Before a callback even counts as real, you should have run through all the smokescreens and surfaced whatever the true objection is. If you’re not going to close on the door, you need to create urgency behind the callback. We’re out there because we’re working the neighborhood. Reiterate that you’re going to be taking care of the neighbors the next day. Make it clear you are going to message them and you are going to follow up.

And you have to actually get the phone number with intention. A lot of reps will get the number but never confirm anything. “Yeah, I’ll take your number, I’ll text you” is not a real callback. Get the number, reiterate the follow-up, and make sure there’s urgency behind a decision. A lot of times you’ll actually get a yes or a no back instead of just radio silence.

Rookies struggle with callbacks because they believe everything the customer says. They think every door is a callback. They end up texting 30 people who were never going to buy. That’s why diagnosis matters more than callback volume.

Pickup and Debrief

At the end of the night, everybody gets picked up by the same car group that dropped them off. Getting the team back together at pickup matters because some reps had a great day and some struggled, and the car ride is where the day starts processing.

Lately, when we get back to the house, we’ve been doing a full debrief together. Everyone gathers in the living room and we go around. What worked. What didn’t. What we’re going to do differently tomorrow. That puts us in a much better spot the next morning.

What Our Best Reps Do On Their Own

The reps who actually grow are the ones doing work between the morning meeting and the next morning meeting.

Everyone should know exactly what their goal is and when they want to hit it by. If your goal is $300K or $500K and the numbers you’re throwing up aren’t on track, you have to actually look at it. A lot of reps don’t change anything because they don’t fully realize the situation they’re in. Awareness is the start of everything.

Record your own pitches and listen back. You’ll catch the moments you should have used a different close. You’ll catch the spots where you let the customer drive the conversation. You’ll hear the times you skipped the actual diagnosis. The reps who do this improve fastest because they’re getting feedback in real time from themselves.

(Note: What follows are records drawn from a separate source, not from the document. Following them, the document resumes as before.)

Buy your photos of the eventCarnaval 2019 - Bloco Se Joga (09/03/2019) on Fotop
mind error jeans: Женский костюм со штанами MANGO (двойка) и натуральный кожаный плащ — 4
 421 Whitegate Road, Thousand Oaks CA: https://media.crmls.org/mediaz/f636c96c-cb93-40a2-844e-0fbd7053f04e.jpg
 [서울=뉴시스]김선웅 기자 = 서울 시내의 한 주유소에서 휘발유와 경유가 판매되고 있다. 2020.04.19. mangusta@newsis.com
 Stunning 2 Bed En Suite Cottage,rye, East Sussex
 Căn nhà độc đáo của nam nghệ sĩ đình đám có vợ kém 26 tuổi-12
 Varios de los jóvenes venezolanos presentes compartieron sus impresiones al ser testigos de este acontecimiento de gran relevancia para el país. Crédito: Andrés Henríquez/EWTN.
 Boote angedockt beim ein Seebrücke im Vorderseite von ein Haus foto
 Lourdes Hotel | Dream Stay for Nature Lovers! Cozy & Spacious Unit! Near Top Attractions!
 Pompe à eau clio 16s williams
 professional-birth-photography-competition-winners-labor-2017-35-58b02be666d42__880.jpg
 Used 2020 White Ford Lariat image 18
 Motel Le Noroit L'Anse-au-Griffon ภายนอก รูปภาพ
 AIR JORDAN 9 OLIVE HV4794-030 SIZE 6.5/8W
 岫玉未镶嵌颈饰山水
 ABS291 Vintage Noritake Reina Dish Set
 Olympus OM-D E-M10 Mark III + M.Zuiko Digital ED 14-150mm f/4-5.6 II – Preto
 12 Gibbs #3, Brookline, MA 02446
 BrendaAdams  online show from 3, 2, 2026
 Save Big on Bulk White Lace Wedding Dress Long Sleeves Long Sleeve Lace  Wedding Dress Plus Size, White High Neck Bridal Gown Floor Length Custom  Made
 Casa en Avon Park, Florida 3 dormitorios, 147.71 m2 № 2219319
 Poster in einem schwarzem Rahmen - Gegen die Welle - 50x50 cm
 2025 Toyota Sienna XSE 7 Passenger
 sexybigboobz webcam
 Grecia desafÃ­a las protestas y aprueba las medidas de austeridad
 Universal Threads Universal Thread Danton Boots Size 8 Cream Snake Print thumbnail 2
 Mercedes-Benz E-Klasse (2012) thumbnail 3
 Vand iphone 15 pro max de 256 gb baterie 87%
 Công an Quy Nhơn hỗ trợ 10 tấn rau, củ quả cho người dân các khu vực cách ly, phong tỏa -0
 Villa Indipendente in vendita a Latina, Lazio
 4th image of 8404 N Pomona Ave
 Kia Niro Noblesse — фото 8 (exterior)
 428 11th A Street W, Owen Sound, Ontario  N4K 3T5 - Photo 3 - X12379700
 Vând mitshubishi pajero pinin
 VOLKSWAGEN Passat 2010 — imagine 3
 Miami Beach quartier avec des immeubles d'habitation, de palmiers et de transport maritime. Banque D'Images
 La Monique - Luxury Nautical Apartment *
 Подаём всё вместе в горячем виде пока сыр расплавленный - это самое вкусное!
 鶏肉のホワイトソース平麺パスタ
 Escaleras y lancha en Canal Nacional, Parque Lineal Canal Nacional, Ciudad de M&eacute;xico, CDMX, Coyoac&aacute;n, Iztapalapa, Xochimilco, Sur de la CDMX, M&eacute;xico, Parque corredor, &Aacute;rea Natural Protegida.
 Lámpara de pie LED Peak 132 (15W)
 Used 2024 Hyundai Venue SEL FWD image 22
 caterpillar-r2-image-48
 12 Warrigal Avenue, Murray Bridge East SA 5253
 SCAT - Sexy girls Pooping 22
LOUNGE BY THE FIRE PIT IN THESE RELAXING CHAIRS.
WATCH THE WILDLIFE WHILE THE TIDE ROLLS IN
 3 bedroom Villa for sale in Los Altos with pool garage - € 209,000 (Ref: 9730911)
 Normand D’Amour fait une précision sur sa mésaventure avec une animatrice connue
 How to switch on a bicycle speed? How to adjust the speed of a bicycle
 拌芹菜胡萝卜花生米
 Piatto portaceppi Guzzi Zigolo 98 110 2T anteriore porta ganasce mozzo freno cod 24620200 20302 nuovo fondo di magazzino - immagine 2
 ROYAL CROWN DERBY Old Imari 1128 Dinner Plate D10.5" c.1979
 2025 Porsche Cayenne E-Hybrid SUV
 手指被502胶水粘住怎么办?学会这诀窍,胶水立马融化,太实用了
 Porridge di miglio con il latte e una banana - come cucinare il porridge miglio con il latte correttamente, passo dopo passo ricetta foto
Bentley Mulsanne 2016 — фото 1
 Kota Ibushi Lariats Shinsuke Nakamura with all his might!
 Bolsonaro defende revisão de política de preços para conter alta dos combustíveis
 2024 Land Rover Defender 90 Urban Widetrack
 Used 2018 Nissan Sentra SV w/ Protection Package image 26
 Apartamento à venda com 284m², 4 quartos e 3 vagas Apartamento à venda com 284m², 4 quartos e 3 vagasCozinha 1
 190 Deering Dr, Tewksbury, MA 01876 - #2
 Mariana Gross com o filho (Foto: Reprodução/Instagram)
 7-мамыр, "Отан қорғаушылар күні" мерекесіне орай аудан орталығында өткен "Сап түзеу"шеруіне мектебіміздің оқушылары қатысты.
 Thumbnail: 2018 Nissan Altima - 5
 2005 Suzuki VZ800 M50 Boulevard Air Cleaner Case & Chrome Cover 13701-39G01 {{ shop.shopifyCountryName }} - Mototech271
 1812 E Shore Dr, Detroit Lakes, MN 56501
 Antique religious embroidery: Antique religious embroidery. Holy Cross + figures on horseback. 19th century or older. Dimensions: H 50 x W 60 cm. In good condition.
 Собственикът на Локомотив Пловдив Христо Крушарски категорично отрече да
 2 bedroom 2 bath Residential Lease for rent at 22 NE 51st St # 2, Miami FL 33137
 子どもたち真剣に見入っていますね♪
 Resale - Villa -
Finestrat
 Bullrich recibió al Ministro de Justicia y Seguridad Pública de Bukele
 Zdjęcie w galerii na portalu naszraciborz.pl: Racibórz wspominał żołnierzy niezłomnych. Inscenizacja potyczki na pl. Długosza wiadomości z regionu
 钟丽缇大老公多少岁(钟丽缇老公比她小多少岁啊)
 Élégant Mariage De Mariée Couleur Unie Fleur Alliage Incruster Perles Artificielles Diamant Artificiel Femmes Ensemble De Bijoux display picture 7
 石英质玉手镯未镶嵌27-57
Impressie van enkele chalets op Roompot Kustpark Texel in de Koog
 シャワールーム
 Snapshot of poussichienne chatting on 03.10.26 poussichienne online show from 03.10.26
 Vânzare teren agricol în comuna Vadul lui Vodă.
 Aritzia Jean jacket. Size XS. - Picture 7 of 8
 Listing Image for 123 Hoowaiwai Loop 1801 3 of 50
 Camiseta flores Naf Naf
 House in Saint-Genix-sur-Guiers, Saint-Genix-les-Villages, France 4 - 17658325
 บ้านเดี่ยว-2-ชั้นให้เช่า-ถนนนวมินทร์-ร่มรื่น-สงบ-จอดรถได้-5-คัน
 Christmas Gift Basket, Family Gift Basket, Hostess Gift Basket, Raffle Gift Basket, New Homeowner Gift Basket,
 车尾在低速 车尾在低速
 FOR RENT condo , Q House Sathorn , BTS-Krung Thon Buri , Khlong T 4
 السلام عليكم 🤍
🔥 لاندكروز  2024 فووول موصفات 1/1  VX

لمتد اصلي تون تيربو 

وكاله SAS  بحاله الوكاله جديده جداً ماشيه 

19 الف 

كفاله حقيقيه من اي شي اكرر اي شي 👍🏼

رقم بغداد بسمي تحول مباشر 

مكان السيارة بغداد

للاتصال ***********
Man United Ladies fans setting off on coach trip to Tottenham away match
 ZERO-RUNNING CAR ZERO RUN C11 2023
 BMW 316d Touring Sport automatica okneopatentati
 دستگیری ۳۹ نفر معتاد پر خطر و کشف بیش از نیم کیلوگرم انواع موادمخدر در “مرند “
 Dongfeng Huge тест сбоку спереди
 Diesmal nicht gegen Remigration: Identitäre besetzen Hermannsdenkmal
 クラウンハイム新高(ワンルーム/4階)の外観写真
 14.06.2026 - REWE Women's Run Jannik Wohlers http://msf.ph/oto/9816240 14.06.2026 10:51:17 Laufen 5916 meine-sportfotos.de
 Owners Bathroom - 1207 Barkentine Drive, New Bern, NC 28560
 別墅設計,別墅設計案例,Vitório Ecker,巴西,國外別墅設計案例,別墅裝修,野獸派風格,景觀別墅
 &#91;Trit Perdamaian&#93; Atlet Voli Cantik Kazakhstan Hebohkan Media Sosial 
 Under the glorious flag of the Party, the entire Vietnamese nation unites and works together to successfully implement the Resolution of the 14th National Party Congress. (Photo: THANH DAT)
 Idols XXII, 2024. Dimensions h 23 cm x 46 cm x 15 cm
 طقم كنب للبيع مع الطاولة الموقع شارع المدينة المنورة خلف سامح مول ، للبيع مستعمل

On Sundays, our top reps do a personal reflection. What they sold last week. What they need to sell next week. What went well. What went wrong. That habit alone separates the reps who plateau from the ones who keep climbing.

And every rep needs three people around them. A coach, a mentor, and a cheerleader. Each one fills a different role, and you can’t go far without all three.

Saturdays and Holidays Are Your Best Days

Working holidays and weekends is one of the biggest levers you can pull in this business.

Most people get caught up working 9 to 5 and then take the weekends off. But in door-to-door, weekends and holidays are when everybody is home. Saturday is arguably the best knocking day of the week. Treat any Saturday you’re not out at 9 AM like a holiday you wasted.

On weekdays we start later, but on weekends we want reps out at 9 AM. The best Saturday window is 9 to 2. Everyone’s home, everyone’s getting started on the day, everyone’s in a good mood because it’s the weekend and they’re off their normal job. They’ve got time to actually have a conversation.

Competition Drives the Numbers

The other big lever is competition. Healthy competition inside the team is one of the most consistent things we’ve ever done to lift numbers.

We run daily, weekly, and monthly competitions throughout the entire summer. Competitions inside competitions. There’s typically one big month-long competition running for everybody, and then layered on top of that we run dailies like Throw Down Thursdays, where everybody picks a person to go head to head with.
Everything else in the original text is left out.